The Mask _ RCNN model is used for learning through the traffic sign features marked in the training set, and judging whether the traffic signs exist on the images and the types of the traffic signs according to the learning result. When the characteristics of the interfering object are similar to those of the traffic sign, a case of a wrong judgment may occur. In this example, the partial way sign exhibits a rectangular, white character, which is quite familiar with the character of windows and partial white billboards. Through the analysis of the recognition result, the interferents are a white billboard, a window of a surrounding house, a front license plate number, a logo on the surface of a truck, a red safety helmet of a worker and the like, wherein the white billboard and the window are the most frequent.

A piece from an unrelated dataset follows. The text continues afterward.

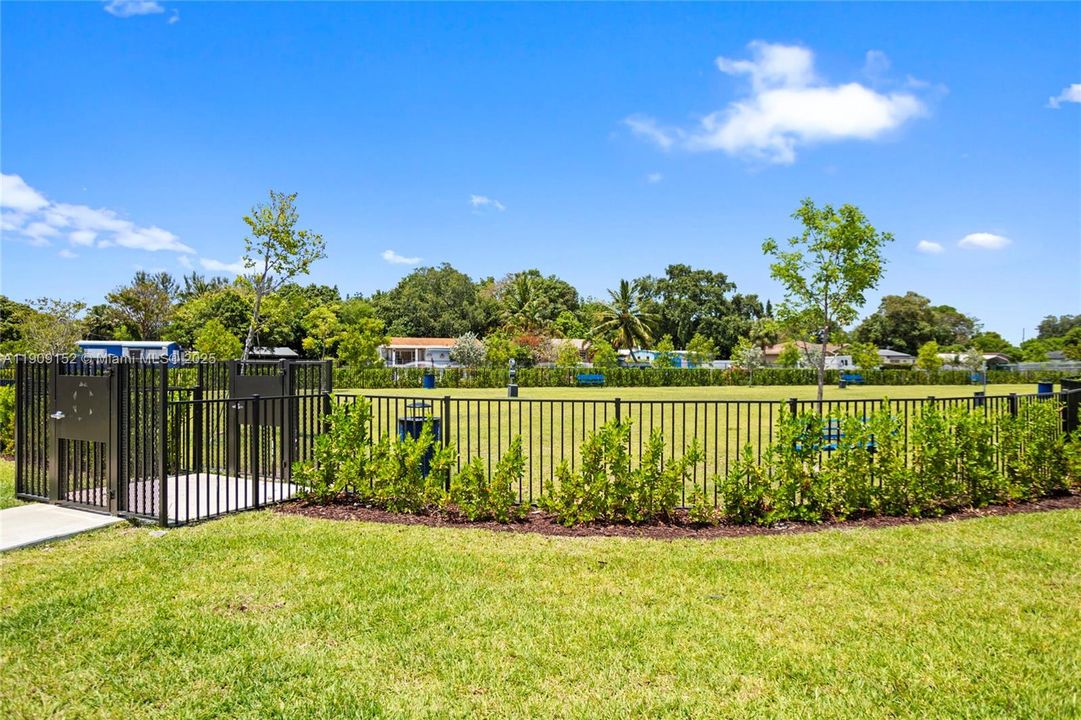 待售: $538,500 (3 贝兹, 3 浴室, 1328 平方英尺)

Step S52: the data set is relabeled for the false positive image that occurred in step S51.
And aiming at the interferents which are easy to be identified as the direction marks, carrying out secondary labeling on the interferents and carrying out weight training again. The main interferents of the invention are the billboard and the window, in order to make the model not recognize these two types of interferents as the direction mark, the procedure returns to step S2, and on the basis of the original label, two categories of the billboard and the window are newly added in the category, which are respectively expressed by the english names billboard and window. And in the previously marked image, checking whether the image contains the two types one by one, and if so, selecting a corresponding marking method according to the shape of the image to mark. And putting the marked images into the model for secondary training of the weight, and identifying the traffic sign by using the generated new weight. In the output process, if the identification object is a window or a billboard, the information of the identification object is not output, so that the traffic sign with the billboard and the window removed is obtained. And marking the two newly added classes, retraining the marked image data, and generating a new training result and a new recognition result. The method can better improve the accuracy of identification.

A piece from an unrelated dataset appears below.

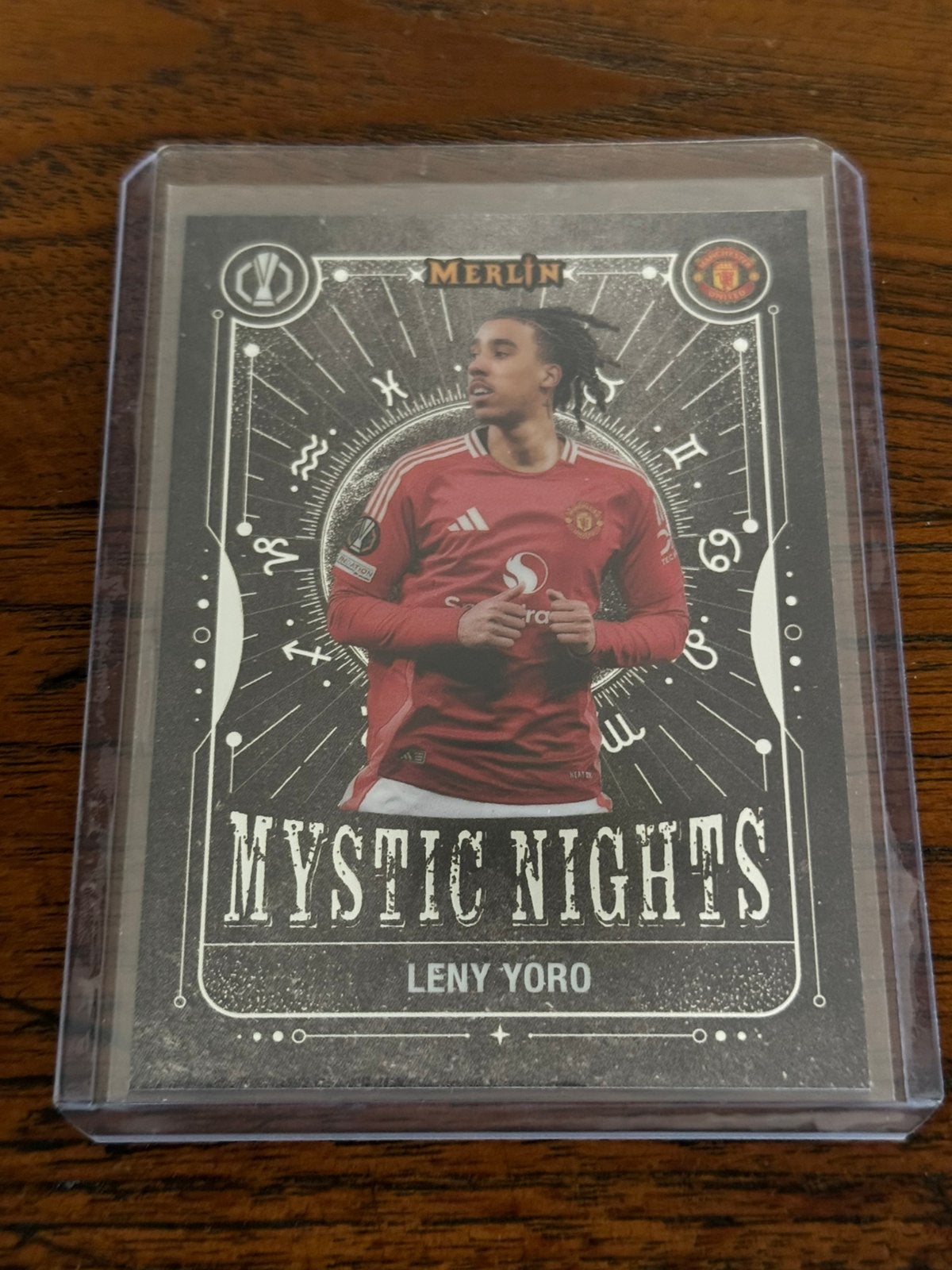 Leny Yoro - Topps Merlin, Verzenden, Nieuw, Buitenlandse clubs, Spelerskaart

Step S53: and checking the new generated result until the recognition effect is in accordance with the expectation.
Step S6: and outputting the recognition result.
In order to know the distribution of the road traffic signs exactly and facilitate the subsequent statistics and processing, as shown in fig. 5, the invention inputs the information obtained by sign identification into an Excel table, so that the identification result can be quantized. The method specifically comprises the following steps: and importing the road mileage information obtained in the acquisition into an Excel table, importing the identified traffic sign type into the Excel table, and importing the identified traffic sign position information into the Excel table.

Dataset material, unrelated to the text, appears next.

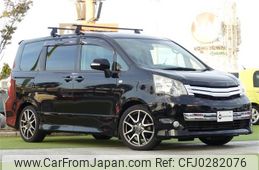 toyota noah 2013 -TOYOTA--Noah DBA-ZRR70W--ZRR70-0590355---TOYOTA--Noah DBA-ZRR70W--ZRR70-0590355-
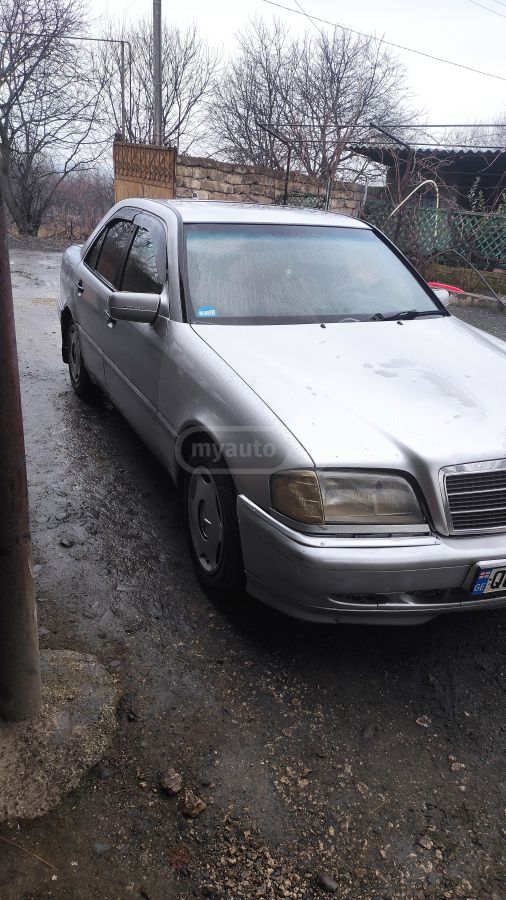 Mercedes-Benz C 180 1996 — photo 2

The invention provides an automatic and efficient road traffic sign identification and classification method based on a Mask _ RCNN model. The method can automatically identify the traffic signs on the images, display the corresponding positions on the images and classify different traffic signs. The method can be applied to daily inspection of the expressway and recognition of surrounding objects by future unmanned driving. Meanwhile, the invention fully considers the reason of the error identification of the label, individually classifies the objects which are easy to interfere into one class in a targeted way, and eliminates the objects when the identification result is generated, thus greatly improving the accuracy of the identification result.
The identification and classification of the traffic sign have important significance for the auxiliary driving of the automobile or the future unmanned driving, and the invention provides an automatic and efficient method for the identification of the traffic sign and lays a foundation for the future unmanned driving research.
The above are preferred embodiments of the present invention, and all changes made according to the technical scheme of the present invention that produce functional effects do not exceed the scope of the technical scheme of the present invention belong to the protection scope of the present invention.

Claims (6)

1. A road traffic sign automatic identification and classification method is characterized by comprising the following steps:
step S1: collecting road images by adopting vehicle-mounted image collecting equipment;
step S2: screening out images with traffic signs from the acquired road images, marking the images, and constructing a data set required by Mask _ RCNN model training;
step S3: inputting the data set obtained in the step S2 into a Mask _ RCNN model for training to obtain a trained weight;
step S4: carrying out identification and classification on road signs on all the collected road images by using the weights trained in the step S3;
step S5: checking the generated result, carrying out secondary annotation on the image with poor recognition effect and retraining the weight;
step S6: and outputting the recognition result.
2. The method for automatically identifying and classifying road traffic signs according to claim 1, wherein the step S2 specifically comprises the following steps:
step S21: determining the traffic sign types: according to a mark information acquisition table of a highway maintenance center in Fujian province, and by combining acquired road images, the traffic mark types of roads are divided into six major categories of a notice mark, a prohibition mark, a warning mark, a road indication mark, an indication mark and a milepost;
and S22, labeling the road images through L abelme labeling software, selecting images with traffic signs from the acquired road images to label the images to obtain labeled images, labeling the traffic signs by using English names during labeling, wherein the English names corresponding to the notification signs, the prohibition signs, the warning signs, the road signs, the indication signs and the mileposts are respectively notice, promotion, warning, guide, indication and milestone, and if a plurality of signs of the same type appear in one road image, adding serial numbers after the names.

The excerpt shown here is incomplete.